Tuesday, June 26, 2007

FEC v. Wisconsin Right to Life, Inc.

Background:

The Supreme Court unveiled a series of 5-4 rulings Monday which included the decision in favor of the Wisconsin Right to Life group. In short, the ruling found that provisions in the 2002 bipartisan campaign finance reform law were unconstitutional. The opinion specifically states that interest groups, unions, and corporations may use issued advocacy advertisements in the final weeks of the campaign (a practice that had been banned under the current law).

A challenge is laid before us:

The intent of the Bipartisan Campaign Reform Act of 2002 (BCRA) was to enable free speech by limiting the amount of dilution from excessive campaign advertisements via big business, unions, and advocacy groups. A key argument to the legislation was formed by years of common law practice recognizing the corrupting influence of corporate treasury expenditures on federal elections. This practice goes back to the Tillman Act of 1907 and Federal Corrupt Practices Act of 1925.
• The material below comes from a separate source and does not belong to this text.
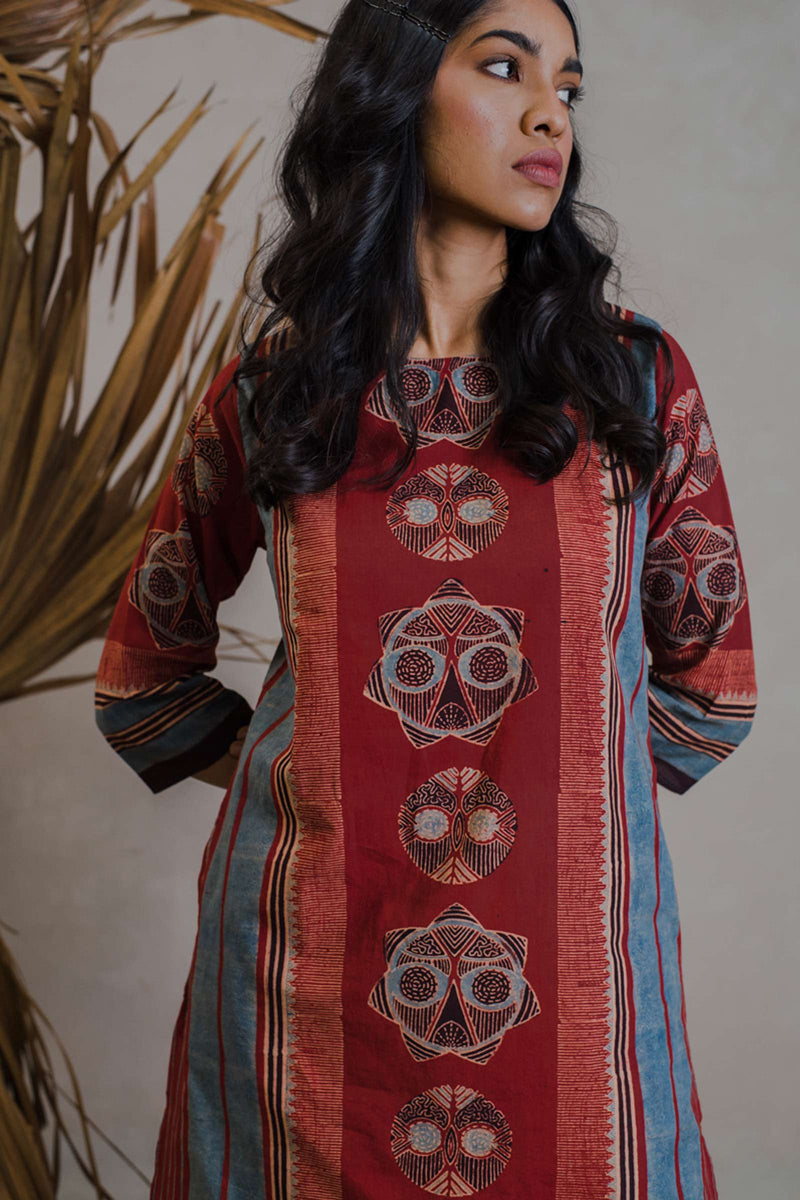 Classic Kurta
However, as Justice Scalia points out in his concurring opinion to Chief Justice Roberts, BCRA makes it a crime to criticize policy if the speaker is acting on behalf of a union or advocacy group during a window prior to an election. How can we criminalize criticism of policy under the constitution and the free speech amendment at any time during the election process?
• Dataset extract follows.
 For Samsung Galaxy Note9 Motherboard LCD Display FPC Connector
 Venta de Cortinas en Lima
Therefore, it is up to the supporters of a thoughtful Campaign Finance Reform Law to look at the rulings at face value and go back to the drawing board. We do need to have restrictions on overspending so that it does not dilute free speech from individuals, but at the same time recognize the rights of advocacy groups and unions to participate in the political debate through the entire campaign process. It is a tough issue and one that requires hard debate, but one that needs to be championed and not lost.